MELORA WALTERS: I think that Blanche is in survival mode. It’s mostly men that come into the diner, and so it’s a sense of navigating that. In the end, it becomes a case where she is like, “How do I use this to get out? What do I have to do? I’ll do anything.”
DC: You tap into this feral energy that’s really powerful.
MW: I think she’s very much operating on a reptilian survival brain. An animal in the wild isn’t fearful, per se; it’s just an animal in the wild, and it needs to eat. And it’s not in a safe space, and it needs to get out; then it’ll do whatever is necessary. It kind of feels like Blanche works like that. Mickey, there was one film that you told me to watch for Blanche. It was that old black-and-white one about the woman who’s a prostitute.
MK: The Naked Kiss!
MW: Yeah, so The Naked Kiss is as human as Blanche gets. She knows she’s going into a situation where no one knows what she’s done or who he is, so she creates this thing, but underneath it all, she’s an animal.
DC: You really take over the second half of the film, and it’s such a terrifying turn. Are you excited to see how that plays with an audience and how that moment connects?
MK: It’s going to be exciting. We’ll see what happens. Maybe they’ll riot!
DC: Is this a universe that you’d be interested in returning to? It feels like there’s so much more that you could do here, even if it’s with completely different characters?

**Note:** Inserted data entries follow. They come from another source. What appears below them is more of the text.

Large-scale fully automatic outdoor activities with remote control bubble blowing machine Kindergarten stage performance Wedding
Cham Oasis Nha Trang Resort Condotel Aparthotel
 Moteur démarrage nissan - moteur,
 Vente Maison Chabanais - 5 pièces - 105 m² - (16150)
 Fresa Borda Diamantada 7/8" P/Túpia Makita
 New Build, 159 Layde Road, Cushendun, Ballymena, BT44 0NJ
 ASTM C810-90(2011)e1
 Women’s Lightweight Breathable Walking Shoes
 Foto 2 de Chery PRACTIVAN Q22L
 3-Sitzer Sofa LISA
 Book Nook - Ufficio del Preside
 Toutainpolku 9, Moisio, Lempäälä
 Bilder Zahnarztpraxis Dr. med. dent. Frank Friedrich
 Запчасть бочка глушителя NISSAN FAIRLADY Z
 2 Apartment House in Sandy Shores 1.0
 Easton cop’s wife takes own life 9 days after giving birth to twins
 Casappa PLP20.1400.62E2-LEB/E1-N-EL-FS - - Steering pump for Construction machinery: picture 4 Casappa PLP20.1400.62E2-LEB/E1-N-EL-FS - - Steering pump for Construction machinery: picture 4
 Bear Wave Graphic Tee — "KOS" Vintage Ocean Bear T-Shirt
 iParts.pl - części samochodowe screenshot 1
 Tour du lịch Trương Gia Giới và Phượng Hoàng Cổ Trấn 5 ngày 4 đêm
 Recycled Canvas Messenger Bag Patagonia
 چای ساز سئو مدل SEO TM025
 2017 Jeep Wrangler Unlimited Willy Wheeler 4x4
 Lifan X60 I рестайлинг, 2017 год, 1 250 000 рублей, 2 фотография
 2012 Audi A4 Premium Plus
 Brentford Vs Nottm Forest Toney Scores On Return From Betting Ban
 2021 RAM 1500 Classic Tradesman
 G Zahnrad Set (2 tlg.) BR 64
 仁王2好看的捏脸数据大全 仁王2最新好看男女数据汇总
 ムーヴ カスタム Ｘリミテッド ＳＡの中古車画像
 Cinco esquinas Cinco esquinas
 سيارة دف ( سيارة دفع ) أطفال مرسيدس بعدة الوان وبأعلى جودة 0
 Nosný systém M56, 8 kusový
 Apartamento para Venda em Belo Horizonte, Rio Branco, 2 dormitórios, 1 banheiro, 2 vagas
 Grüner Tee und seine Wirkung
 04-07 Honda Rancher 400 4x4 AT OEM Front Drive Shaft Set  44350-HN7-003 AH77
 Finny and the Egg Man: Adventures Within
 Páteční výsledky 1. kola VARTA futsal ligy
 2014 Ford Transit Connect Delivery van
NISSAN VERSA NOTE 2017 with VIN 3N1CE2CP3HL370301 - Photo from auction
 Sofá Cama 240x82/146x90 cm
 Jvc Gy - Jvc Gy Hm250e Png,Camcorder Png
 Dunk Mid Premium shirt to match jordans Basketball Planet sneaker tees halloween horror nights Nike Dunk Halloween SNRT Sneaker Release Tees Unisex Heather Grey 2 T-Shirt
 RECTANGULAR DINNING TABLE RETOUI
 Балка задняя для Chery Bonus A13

MK: 100% I expect that I’ll continue to make as many movies as I can before I keel over, and I would love to make more movies within this kind of world. And you’re right, who knows what can happen? Whoever makes it out of this one could go on to immediately rob a bank next. We’ll see what happens!
Angela, You’ve had such a rich, diverse career when it comes to your different horror performances. Is there anything that you haven’t done yet that you’d like to tackle?
AT: I would love to be in a rom-com. I feel like the art of the rom-com is something that would be fun to live in. There’s a lot of physicality to the characters that I like to play. I hope to always be able to dance and move and embrace different kinds of characters. But that whole classic, “papers everywhere, oops, meet the love of your life” kind of thing would be really fun.
DC: Melora, are pulpy, hard-boiled crime capers a genre that you have a lot of affection towards? Was it a challenge to step into such a heightened, stylized universe?
MW: I just love it all. I love acting. I love it. I love becoming someone else and trying to become what the creator had in mind. I just, truly, love it.
Mickey, do you know what you’re working on next and is it a proper return to horror? Will you be back in that space soon?
MK: Yes. I think what’s next is either a book adaptation that I’m not allowed to reveal what it is yet or a good old-fashioned ’70s style disaster movie. Those are the two kinds of genres that I want to take on next. But yeah, I definitely expect to make as many horror movies as I possibly can.